WordPress Trac noreply at wordpress.org
Mon Dec 15 18:18:05 UTC 2025


#64419: HTML API: Escape JavaScript, JSON script tag contents automatically
-------------------------+-----------------------------
 Reporter:  jonsurrell   |      Owner:  jonsurrell
     Type:  enhancement  |     Status:  assigned
 Priority:  normal       |  Milestone:  Awaiting Review
Component:  HTML API     |    Version:
 Severity:  normal       |   Keywords:
  Focuses:  javascript   |
-------------------------+-----------------------------
 The HTML API prevents setting `SCRIPT` tag that could modify the tree
 either by closing the `SCRIPT` element prematurely, or by preventing the
 `SCRIPT` element from closing at the expected close tag.

 This is handled by rejecting any script tag contents that are potentially
 dangerous and is safe. There are some improvements that could be made.
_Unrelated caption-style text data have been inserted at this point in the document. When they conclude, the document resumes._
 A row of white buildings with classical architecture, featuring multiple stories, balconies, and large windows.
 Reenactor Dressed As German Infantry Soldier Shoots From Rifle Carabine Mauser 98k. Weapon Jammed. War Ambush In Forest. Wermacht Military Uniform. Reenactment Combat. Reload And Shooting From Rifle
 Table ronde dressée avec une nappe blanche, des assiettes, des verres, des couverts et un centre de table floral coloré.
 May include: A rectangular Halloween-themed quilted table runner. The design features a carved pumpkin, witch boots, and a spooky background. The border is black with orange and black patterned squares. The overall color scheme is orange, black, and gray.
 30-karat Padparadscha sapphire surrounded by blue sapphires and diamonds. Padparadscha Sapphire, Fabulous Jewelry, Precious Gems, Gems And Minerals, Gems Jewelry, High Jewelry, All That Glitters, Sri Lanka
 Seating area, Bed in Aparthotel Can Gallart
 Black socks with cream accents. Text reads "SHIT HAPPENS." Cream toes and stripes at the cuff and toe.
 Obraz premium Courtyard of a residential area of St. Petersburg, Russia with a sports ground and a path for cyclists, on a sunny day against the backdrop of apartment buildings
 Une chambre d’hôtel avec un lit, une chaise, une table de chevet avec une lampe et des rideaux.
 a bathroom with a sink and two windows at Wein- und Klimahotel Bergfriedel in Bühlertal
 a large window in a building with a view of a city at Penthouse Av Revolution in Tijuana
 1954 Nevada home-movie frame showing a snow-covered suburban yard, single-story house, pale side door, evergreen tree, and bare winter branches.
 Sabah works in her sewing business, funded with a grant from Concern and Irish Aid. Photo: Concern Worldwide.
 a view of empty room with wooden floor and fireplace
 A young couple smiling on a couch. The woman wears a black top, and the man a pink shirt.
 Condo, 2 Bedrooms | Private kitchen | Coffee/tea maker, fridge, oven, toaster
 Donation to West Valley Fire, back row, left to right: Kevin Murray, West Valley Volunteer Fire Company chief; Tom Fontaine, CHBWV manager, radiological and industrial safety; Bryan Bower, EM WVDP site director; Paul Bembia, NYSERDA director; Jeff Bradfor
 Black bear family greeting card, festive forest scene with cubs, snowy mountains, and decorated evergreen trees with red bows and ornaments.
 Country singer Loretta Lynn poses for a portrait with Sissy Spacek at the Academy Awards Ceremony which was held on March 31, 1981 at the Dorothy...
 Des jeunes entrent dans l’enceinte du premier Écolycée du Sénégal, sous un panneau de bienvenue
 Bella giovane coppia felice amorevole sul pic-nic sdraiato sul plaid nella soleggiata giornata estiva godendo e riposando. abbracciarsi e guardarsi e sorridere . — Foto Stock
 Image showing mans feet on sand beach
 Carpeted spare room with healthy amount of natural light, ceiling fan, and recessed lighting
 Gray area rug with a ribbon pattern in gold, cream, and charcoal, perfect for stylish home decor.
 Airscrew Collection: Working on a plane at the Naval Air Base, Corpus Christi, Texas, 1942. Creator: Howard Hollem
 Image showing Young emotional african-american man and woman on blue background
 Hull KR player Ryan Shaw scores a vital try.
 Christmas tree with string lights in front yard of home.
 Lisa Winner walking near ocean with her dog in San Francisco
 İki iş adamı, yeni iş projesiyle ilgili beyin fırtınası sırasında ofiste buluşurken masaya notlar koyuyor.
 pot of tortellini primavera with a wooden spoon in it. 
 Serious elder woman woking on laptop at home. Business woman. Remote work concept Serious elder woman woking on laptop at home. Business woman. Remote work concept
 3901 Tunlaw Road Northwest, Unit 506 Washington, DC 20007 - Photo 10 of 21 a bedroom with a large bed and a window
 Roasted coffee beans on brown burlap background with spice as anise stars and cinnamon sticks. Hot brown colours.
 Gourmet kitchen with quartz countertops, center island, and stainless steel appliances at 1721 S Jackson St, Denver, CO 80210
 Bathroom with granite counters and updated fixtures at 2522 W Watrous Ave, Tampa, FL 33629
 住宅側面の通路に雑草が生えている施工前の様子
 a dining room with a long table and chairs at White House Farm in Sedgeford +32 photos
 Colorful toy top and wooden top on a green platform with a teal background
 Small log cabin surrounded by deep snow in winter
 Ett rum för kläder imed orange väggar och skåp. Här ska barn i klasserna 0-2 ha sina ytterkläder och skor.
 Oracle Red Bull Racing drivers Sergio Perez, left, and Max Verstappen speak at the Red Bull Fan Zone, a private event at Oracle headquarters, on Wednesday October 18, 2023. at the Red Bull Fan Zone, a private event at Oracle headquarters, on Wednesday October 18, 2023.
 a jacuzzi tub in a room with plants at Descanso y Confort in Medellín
 If the contents are found to be unsafe and the type of the script tag is
 JSON or JavaScript [https://html.spec.whatwg.org/#the-script-element (this
 is well specified in the HTML standard)], it should be possible to apply a
 syntactic transformation to the contents in such a way that the script
 contents become safe ''without'' semantically altering the script.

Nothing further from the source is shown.